◆ Exercise prompt ◆
Line by line, copy out the data below exactly.

◆ Data section ◆
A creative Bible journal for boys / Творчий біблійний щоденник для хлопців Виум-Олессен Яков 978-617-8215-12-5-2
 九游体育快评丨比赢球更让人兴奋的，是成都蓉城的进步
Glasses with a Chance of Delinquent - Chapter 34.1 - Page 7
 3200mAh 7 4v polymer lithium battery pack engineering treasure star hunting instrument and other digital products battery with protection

◆ Written response ◆
A creative Bible journal for boys / Творчий біблійний щоденник для хлопців Виум-Олессен Яков 978-617-8215-12-5-2
 九游体育快评丨比赢球更让人兴奋的，是成都蓉城的进步
Glasses with a Chance of Delinquent - Chapter 34.1 - Page 7
 3200mAh 7 4v polymer lithium battery pack engineering treasure star hunting instrument and other digital products battery with protection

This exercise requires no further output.